In this blog, we will learn more about Zookeeper, what is it, and how it’s important to Apache Kafka. Let’s get started.
What is Zookeeper?
ZooKeeper is a distributed, open-source coordination service for distributed applications. It exposes a simple set of primitives that distributed applications can build upon to implement higher level services for synchronization, configuration maintenance, and groups and naming.
Zookeeper is designed to be easy to program to, and uses a data model styled after the familiar directory tree structure of file systems. It runs in Java and has bindings for both Java and C.
Need? Simple! The goal is to make the systems easier to manage.
ZooKeeper allows developers to focus on the core application logic, and it implements various protocols on the cluster so that the applications need not implement them on their own. These services are used in some form or another by distributed applications.

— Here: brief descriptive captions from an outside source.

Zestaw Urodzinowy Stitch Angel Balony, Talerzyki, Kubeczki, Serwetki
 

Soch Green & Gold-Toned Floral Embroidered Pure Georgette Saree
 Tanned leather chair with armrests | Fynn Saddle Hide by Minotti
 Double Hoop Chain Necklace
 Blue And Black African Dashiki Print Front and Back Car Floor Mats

Zookeeper at component Level:
Apache ZooKeeper works on the Client–Server architecture in which clients are machine nodes and servers are nodes.
ZooKeeper allows distributed processes to coordinate with each other through a shared hierarchical namespace which is organized similarly to a standard file system. The namespace consists of data registers – called znodes (similar to files and directories).
Unlike a typical file system, which is designed for storage, ZooKeeper data is kept in-memory, which means ZooKeeper can achieve high throughput and low latency numbers.
- High performance: it can be used in large, distributed systems.
- Highly available: keeps it from being a single point of failure.
- Strictly ordered access: sophisticated synchronization primitives can be implemented at the client.
Zookeeper in Kafka
Zookeeper is a top-level centralized service used to maintain configuration information, naming, providing flexible and robust synchronization within distributed systems. Zookeeper keeps track of the status of the Kafka cluster nodes, Kafka topics, partitions, etc.
Since maintaining coordination services is always difficult as they are most likely to fall in race conditions and deadlock. The motivation behind ZooKeeper is to relieve distributed applications of the responsibility of implementing coordination services from scratch. The service itself is distributed and highly reliable.
Let’s see how Zookeeper is helping Kafka:
- Kafka Brokers’ state & quotas: Zookeeper determines the state. That means, it notices, if the Kafka Broker is alive, always when it regularly sends heartbeats requests. Also, while the Broker is the constraint to handle replication, it must be able to follow replication needs. It also keeps track of how much data is each client allowed to read and write.
- Configuration Of Topics: The configuration regarding all the topics including the list of existing topics, the number of partitions for each topic, the location of all the replicas, list of configuration overrides for all topics, and which node is the preferred leader, etc.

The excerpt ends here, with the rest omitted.